Against this backdrop of rapid expansion and structured evaluation, the new registry will aim to:

  • Improve patient safety by tracking short- and long-term outcomes of robotic procedures
  • Capture key quality metrics aligned with NICE EVA evidence-generation requirements
  • Support standardisation of practice across providers
  • Identify variation in outcomes, including unwarranted variation and health inequities
  • Provide robust outcome evidence to inform clinical guidelines, commissioning and regulatory decisions
  • Enable research and innovation in robotic technologies and techniques
  • Assess equity of access to support future strategic planning
  • Provide near real-time data to evaluate effectiveness compared with conventional surgical approaches
  • Maintain close alignment with NICE guidance and national quality standards
  • Deliver timely, meaningful outputs tailored to clinicians, providers, commissioners, regulators and patients.
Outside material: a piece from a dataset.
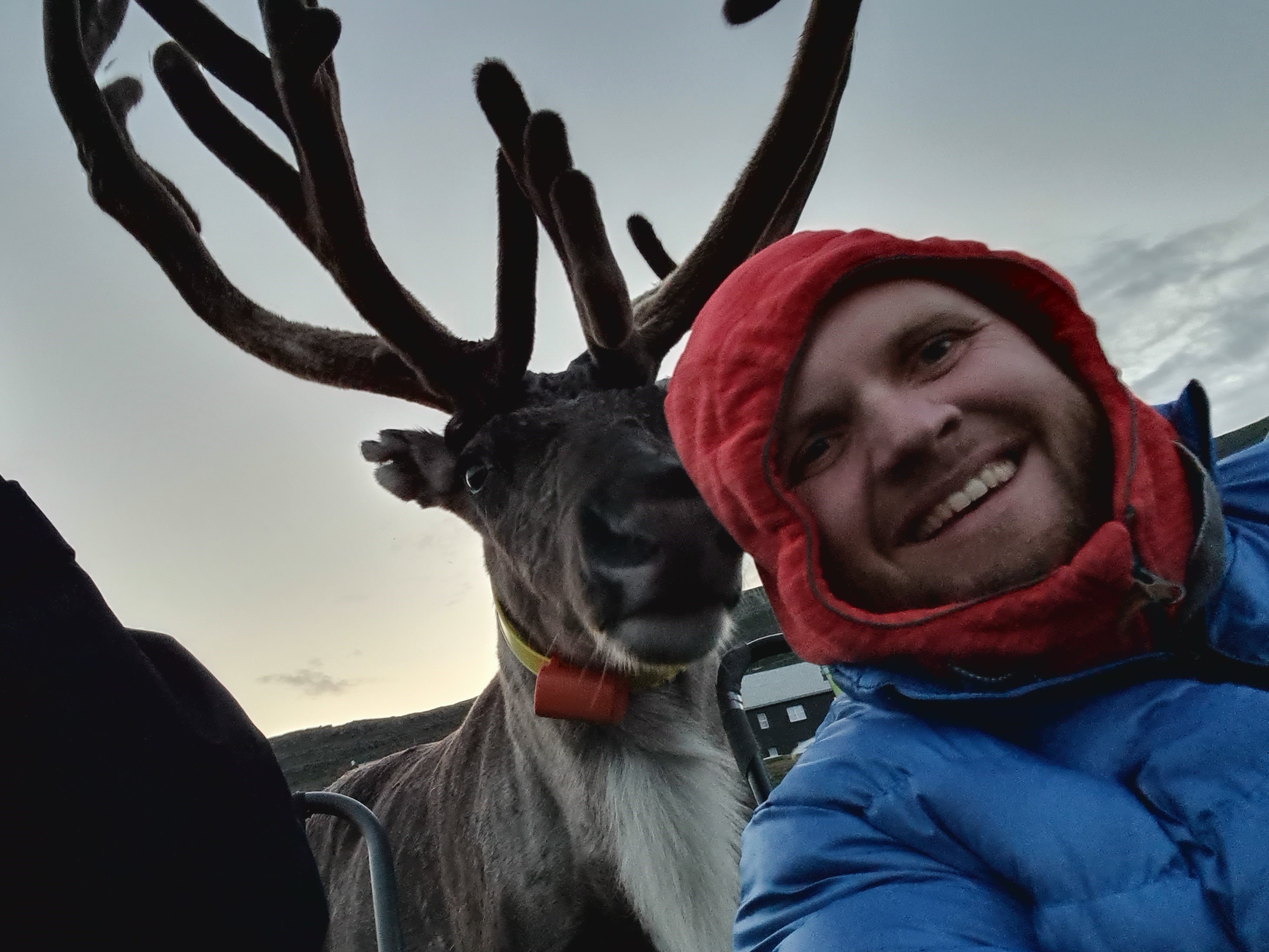 Bjarne with a reindeer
The registry will be clinically led, use robust methodological and statistical techniques, and link — where feasible and appropriate — to other national datasets at individual patient level. This will enable comprehensive outcome tracking and system-level insight from the outset.

Working in partnership to generate evidence

The registry will evolve alongside the expanding use of robotic surgery, working in close partnership with key stakeholders. Through this collaborative approach, the registry will ensure:

  • High-quality, independent evidence generation
  • Data availability to highlight poor outcomes or safety concerns
  • Identification of variation in care and inequitable access
  • Transparency and accountability as adoption accelerates.